HOW TO COMPLETE THIS TASK:
The reply should hold only the lines below beginning at the one with "forte) Hipercolesterolemia" and ending at the one with "Online Side hustle!", copied exactly, with every picture left out.

EXTRACTED RECORDS:

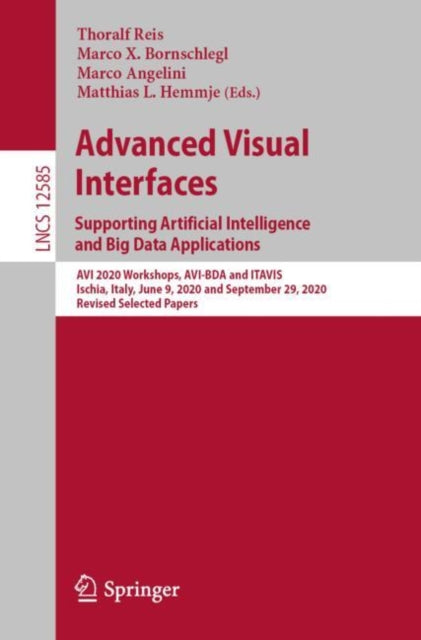 Book cover of: Advanced Visual Interfaces. Supporting Artificial Intelligence and Big Data Applications. By: Thoralf Reis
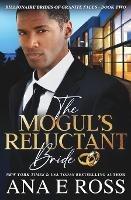 The Mogul's Reluctant Bride - Ana E Ross - cover
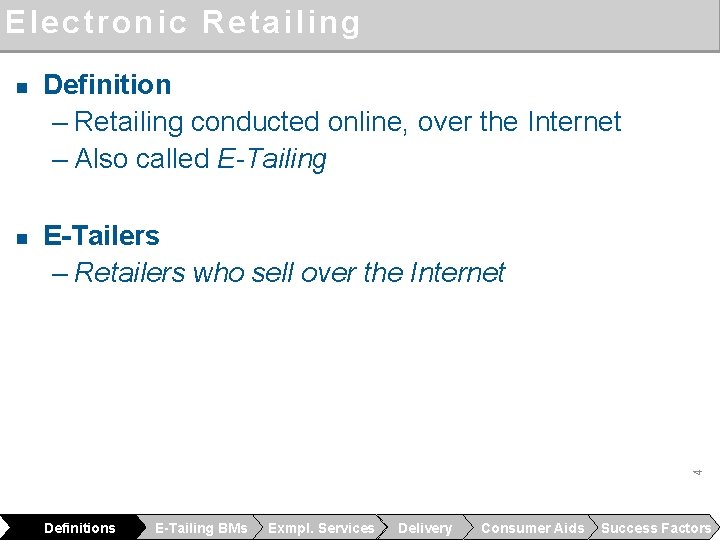 Electronic Retailing n Definition – Retailing conducted online, over the Internet – Also called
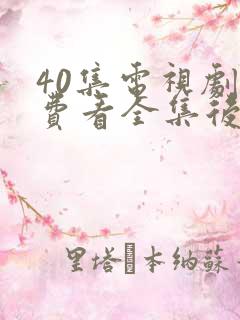 40集电视剧免费看全集后浪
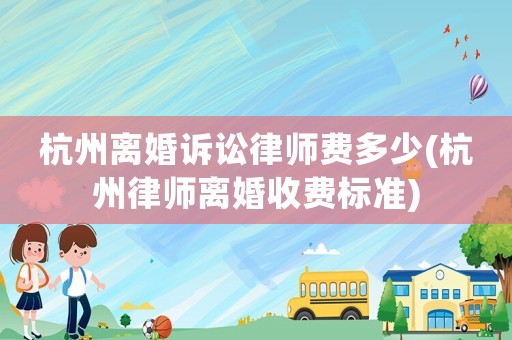 杭州離婚訴訟律師費多少(杭州律師離婚收費標準)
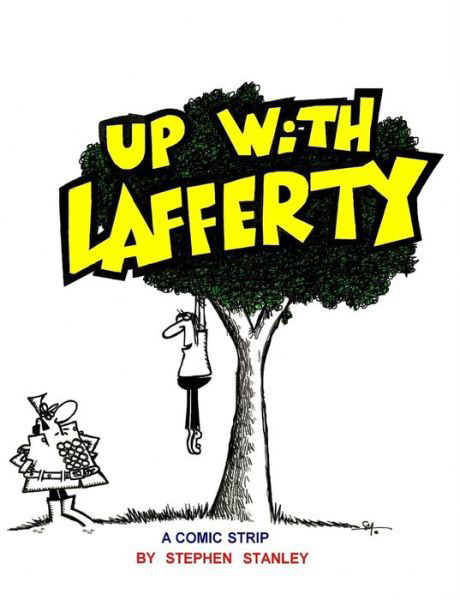 Cover for Stephen Stanley · Up with Lafferty (Pocketbok) (2009)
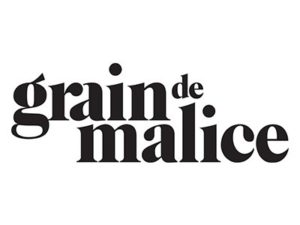 Grain de Malice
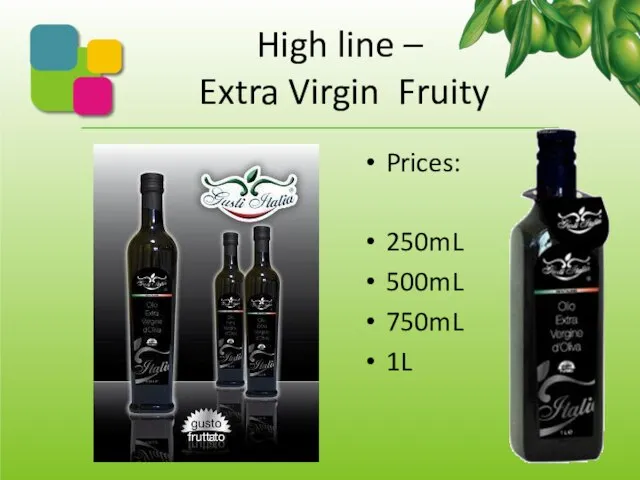 High line – Extra Virgin Fruity Prices: 250mL 500mL 750mL 1L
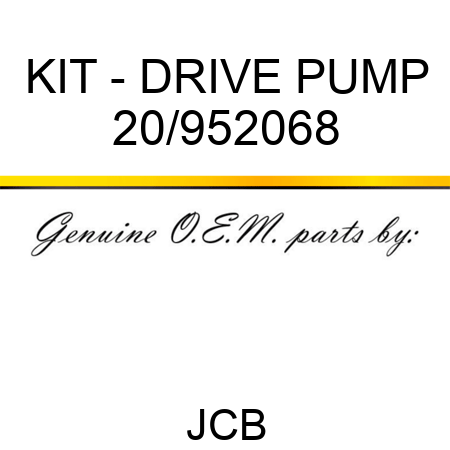 KIT - DRIVE PUMP 20/952068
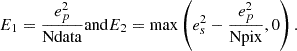 Mathematical equation: $$ \begin{aligned} E_{1} = \frac{e_{p}^2}{\mathrm{Ndata}} \mathrm{and} E_{2} = \mathrm{max}\left(e_{s}^2 - \frac{e_{p}^2}{\mathrm{Npix}},0\right). \end{aligned} $$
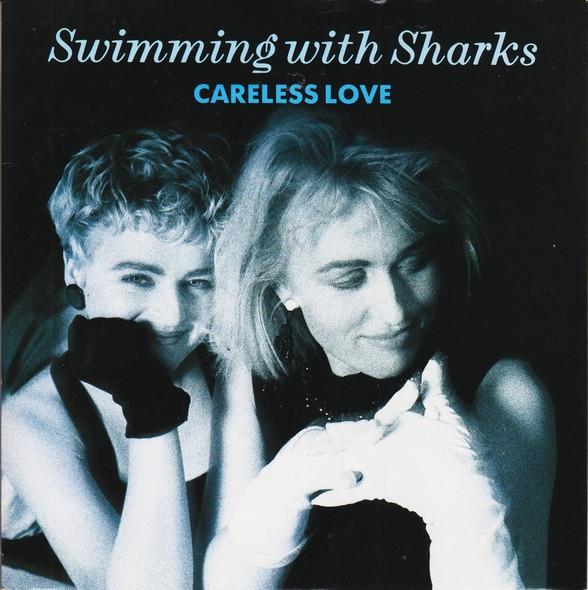 Swimming With Sharks - Careless Love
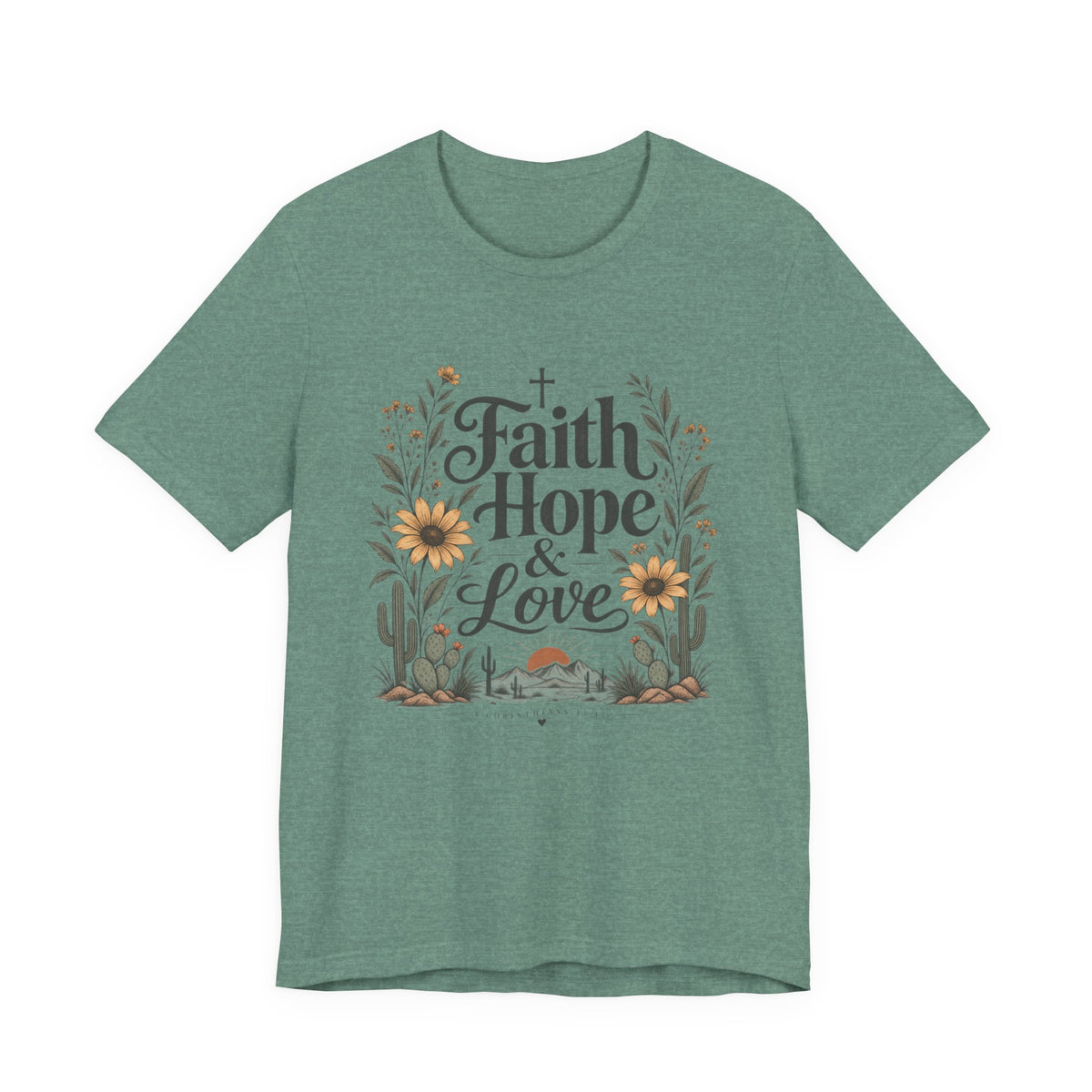 Faith Hope & Love Christian T-Shirt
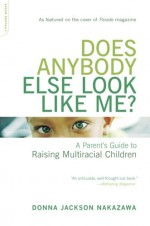 Does Anybody Else Look Like Me?: A Parent's Guide To Raising Multiracial Children - Donna Jackson Nakazawa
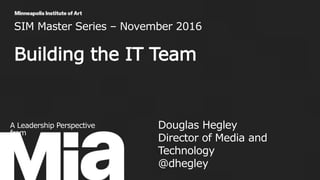 SIM Master Series – November 2016
Building the IT Team
1
A Leadership Perspective
from
Douglas Hegley
Director of Media and
Technology
@dhegley
 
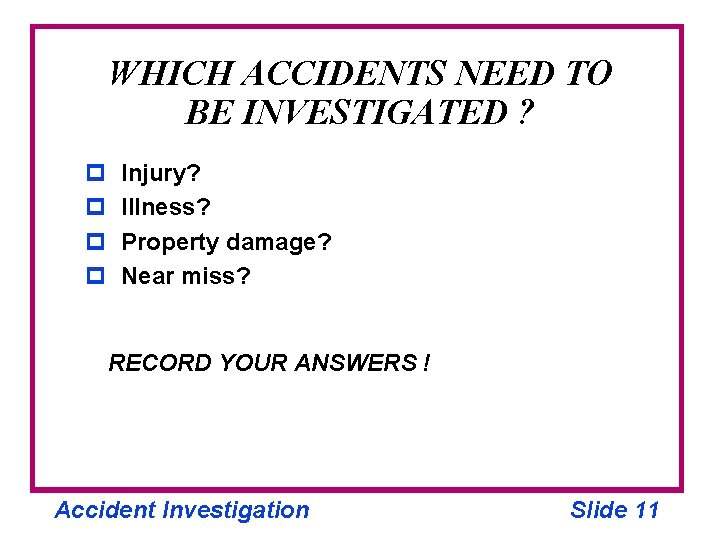 WHICH ACCIDENTS NEED TO BE INVESTIGATED ? p p Injury? Illness? Property damage? Near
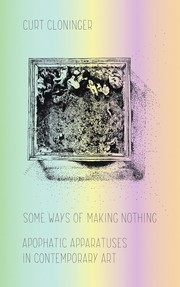 Cover of: Some Ways of Making Nothing: Apophatic Apparatuses in Contemporary Art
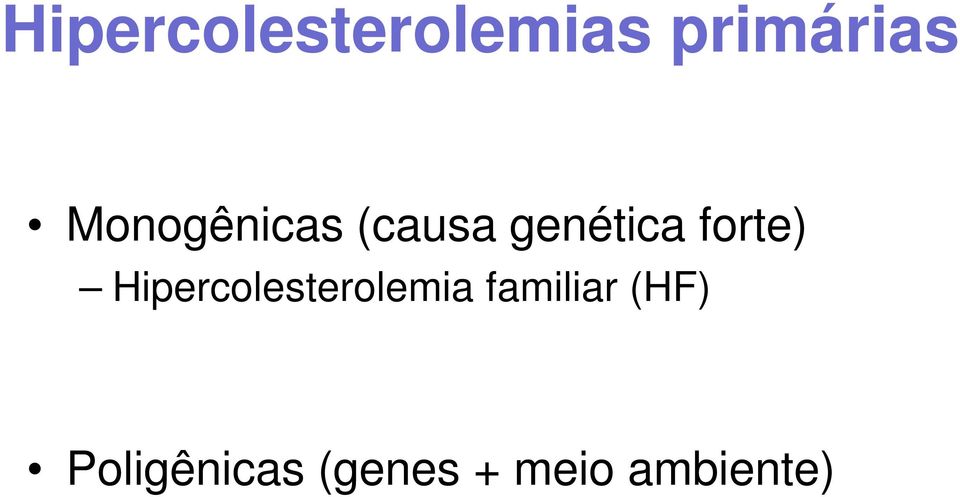 forte) Hipercolesterolemia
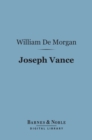 Image for Joseph Vance (Barnes &amp; Noble Digital Library): An Ill-Written Autobiography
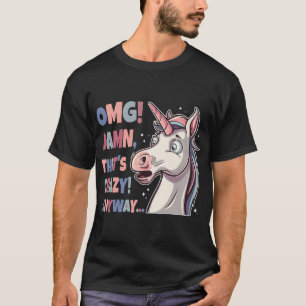 T-shirt Funny Unicorn OMG C'est fou de toute façon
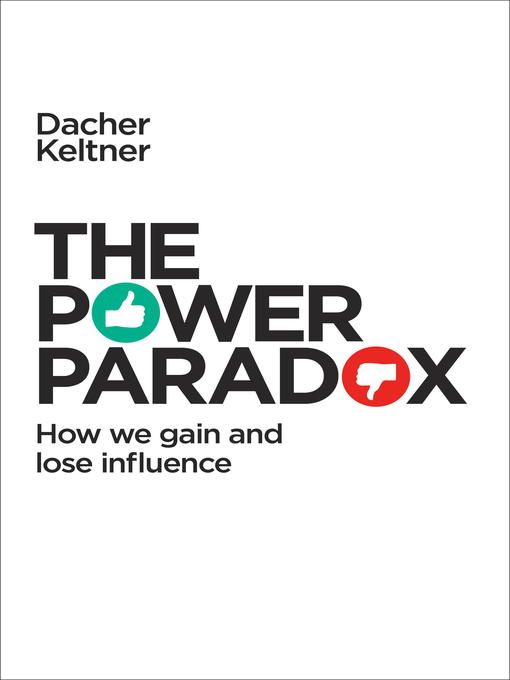 Title details for The Power Paradox by Dacher Keltner - Available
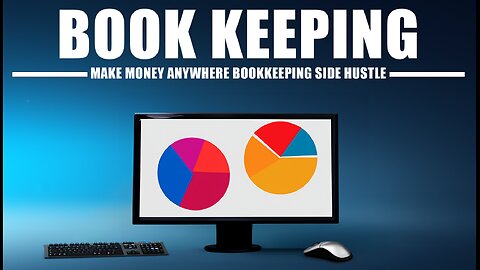 Online Side hustle! - Bookkeeping YOUR WAY to Success!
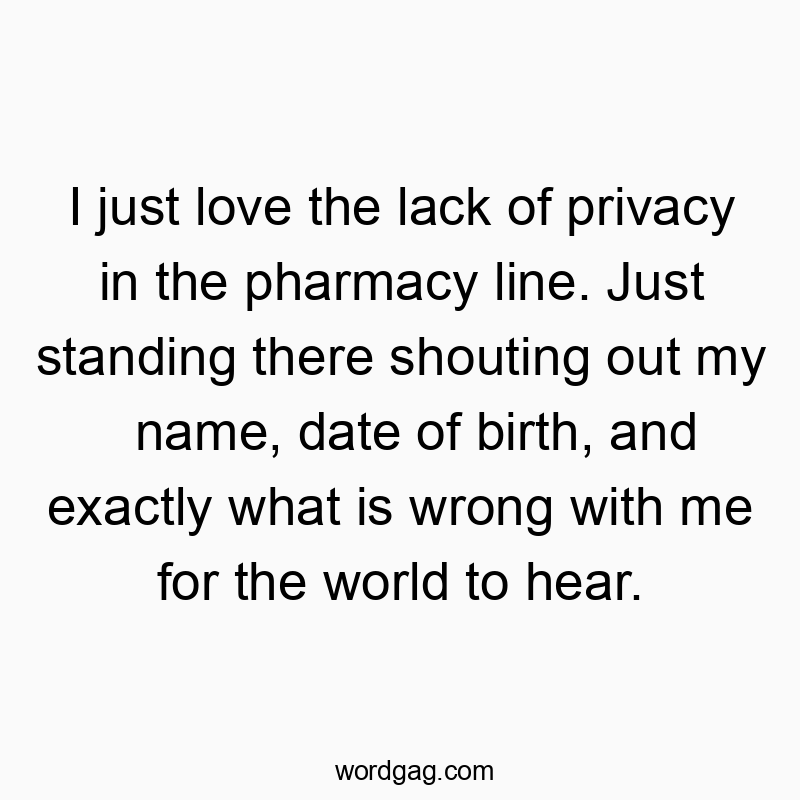 I just love the lack of privacy in the pharmacy line. Just standing there shouting out my name, date of birth, and exactly what is wrong with me for the world to hear.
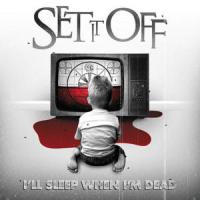 Canción 'I'll Sleep When I'm Dead' interpretada por Set It Off Canción 'I'll Sleep When I'm Dead' interpretada por Set It Off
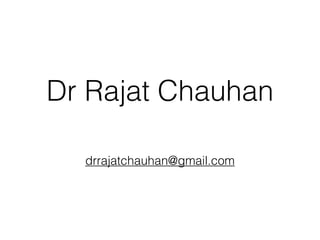 Dr Rajat Chauhan
              

              

  drrajatchauhan@gmail.com
 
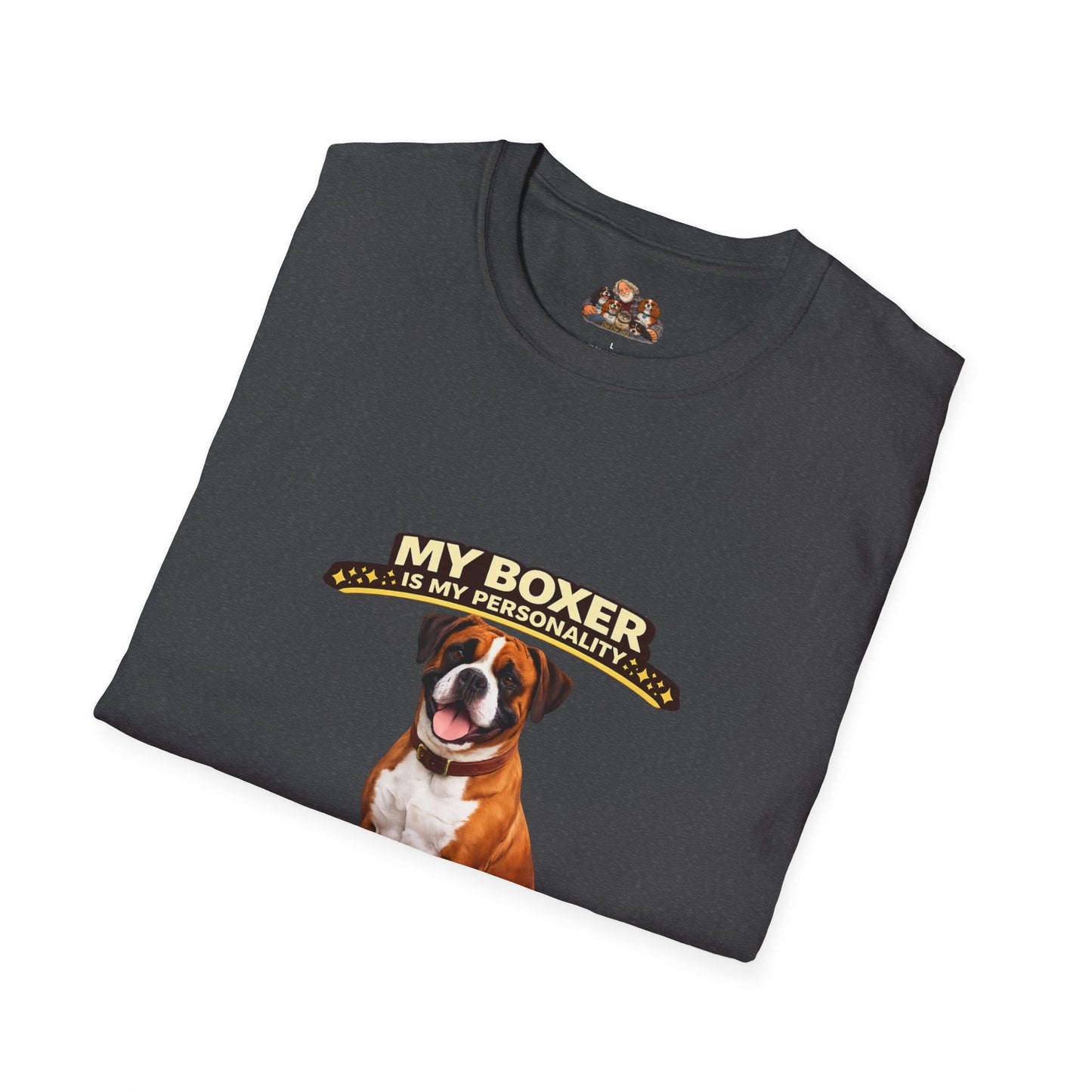 My Boxer Is My Personality – Play Hard Love Hard – Personalized Dog Breed Tee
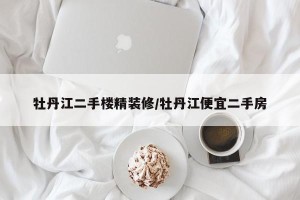牡丹江二手楼精装修/牡丹江便宜二手房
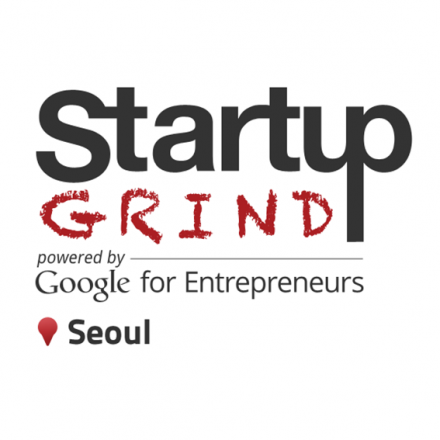 [Startup Grind Seoul] 스타트업 그라인드 서울 Sixth Event (6회)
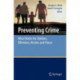 Preventing Crime: What Works for Children, Offenders, Victims and Places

RESULT OF THIS EXERCISE:
 forte) Hipercolesterolemia
 Image for Joseph Vance (Barnes &amp; Noble Digital Library): An Ill-Written Autobiography
 T-shirt Funny Unicorn OMG C'est fou de toute façon
 Title details for The Power Paradox by Dacher Keltner - Available
 Online Side hustle! - Bookkeeping YOUR WAY to Success!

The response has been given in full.